__Try it__
Of the lines below, report only those that contain "Vintage".

__Records for the exercise__

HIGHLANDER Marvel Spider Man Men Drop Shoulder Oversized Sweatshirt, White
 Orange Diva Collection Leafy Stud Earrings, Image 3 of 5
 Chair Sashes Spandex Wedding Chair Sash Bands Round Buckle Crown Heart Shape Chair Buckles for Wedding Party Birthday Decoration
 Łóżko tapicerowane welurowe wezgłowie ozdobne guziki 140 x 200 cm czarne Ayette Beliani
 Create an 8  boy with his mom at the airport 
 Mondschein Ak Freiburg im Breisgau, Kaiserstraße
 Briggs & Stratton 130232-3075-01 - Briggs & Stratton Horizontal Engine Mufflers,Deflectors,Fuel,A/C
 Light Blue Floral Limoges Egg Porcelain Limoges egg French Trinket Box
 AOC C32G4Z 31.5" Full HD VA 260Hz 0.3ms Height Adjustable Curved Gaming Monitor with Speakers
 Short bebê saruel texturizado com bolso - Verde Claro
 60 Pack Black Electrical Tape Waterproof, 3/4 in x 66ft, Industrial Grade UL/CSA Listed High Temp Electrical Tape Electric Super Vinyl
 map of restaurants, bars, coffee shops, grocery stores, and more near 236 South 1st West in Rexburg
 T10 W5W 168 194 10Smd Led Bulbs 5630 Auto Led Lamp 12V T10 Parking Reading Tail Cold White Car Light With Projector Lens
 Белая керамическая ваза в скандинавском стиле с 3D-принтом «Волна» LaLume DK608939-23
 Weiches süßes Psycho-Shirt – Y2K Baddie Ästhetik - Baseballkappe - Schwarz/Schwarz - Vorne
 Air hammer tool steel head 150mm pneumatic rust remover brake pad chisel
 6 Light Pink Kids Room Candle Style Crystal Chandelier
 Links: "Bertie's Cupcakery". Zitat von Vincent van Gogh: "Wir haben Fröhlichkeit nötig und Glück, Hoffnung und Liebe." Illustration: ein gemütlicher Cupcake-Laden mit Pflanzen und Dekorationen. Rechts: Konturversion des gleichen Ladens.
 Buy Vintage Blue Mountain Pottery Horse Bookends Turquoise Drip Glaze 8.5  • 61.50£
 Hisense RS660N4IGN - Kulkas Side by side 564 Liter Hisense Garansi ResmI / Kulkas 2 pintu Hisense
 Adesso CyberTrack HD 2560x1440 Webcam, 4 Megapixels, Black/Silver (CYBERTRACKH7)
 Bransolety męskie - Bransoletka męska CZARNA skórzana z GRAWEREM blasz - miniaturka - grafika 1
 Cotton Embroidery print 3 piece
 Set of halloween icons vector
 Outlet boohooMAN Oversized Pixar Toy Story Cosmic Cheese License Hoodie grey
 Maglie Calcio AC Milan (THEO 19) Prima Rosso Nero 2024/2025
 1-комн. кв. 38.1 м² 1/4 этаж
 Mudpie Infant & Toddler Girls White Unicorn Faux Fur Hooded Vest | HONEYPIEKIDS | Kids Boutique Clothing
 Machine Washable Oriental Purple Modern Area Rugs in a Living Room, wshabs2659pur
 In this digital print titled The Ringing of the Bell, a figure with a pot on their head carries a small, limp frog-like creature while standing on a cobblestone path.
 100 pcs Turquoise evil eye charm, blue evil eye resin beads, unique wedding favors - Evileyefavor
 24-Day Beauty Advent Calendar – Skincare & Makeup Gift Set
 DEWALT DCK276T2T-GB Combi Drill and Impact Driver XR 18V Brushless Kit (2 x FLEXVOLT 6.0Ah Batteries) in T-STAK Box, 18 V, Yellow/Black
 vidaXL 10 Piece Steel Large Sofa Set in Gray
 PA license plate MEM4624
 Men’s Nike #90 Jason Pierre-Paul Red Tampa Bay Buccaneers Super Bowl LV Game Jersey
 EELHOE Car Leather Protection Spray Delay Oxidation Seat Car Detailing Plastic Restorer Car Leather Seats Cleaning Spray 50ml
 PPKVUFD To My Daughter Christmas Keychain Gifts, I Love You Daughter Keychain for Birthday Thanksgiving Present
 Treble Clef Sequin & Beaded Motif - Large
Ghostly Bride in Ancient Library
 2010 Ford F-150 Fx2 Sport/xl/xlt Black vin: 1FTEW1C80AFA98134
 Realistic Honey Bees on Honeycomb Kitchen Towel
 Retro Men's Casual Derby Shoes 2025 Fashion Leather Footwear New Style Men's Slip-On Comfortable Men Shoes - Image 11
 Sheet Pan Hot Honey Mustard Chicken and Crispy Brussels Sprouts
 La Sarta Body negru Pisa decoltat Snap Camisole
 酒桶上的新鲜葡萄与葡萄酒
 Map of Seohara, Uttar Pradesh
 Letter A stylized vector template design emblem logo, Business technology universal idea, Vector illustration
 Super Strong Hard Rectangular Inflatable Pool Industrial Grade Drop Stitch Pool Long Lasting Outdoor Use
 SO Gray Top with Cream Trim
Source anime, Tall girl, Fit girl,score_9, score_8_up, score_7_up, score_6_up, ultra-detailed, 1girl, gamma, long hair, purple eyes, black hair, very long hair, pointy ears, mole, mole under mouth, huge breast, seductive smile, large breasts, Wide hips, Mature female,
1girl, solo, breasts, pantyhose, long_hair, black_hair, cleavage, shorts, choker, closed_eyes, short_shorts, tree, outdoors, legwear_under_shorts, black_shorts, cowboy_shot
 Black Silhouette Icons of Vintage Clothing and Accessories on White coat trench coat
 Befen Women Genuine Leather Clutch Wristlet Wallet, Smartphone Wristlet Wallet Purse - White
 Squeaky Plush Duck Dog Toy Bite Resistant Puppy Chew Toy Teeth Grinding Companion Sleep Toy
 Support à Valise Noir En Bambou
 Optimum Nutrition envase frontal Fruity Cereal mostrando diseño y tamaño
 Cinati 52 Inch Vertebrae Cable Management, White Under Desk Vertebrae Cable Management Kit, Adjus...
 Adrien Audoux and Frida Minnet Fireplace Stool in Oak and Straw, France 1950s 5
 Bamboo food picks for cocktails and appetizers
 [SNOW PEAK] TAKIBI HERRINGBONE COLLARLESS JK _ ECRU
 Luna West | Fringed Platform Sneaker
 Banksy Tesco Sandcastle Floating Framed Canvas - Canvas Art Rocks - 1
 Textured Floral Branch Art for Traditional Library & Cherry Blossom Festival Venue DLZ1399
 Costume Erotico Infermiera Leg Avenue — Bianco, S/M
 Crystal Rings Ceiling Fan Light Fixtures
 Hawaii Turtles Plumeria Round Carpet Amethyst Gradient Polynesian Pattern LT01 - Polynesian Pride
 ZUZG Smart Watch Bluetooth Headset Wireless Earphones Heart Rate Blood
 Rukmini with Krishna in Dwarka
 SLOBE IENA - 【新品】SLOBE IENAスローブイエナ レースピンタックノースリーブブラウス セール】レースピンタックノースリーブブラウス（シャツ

__Exercise result__
 Buy Vintage Blue Mountain Pottery Horse Bookends Turquoise Drip Glaze 8.5  • 61.50£
 Black Silhouette Icons of Vintage Clothing and Accessories on White coat trench coat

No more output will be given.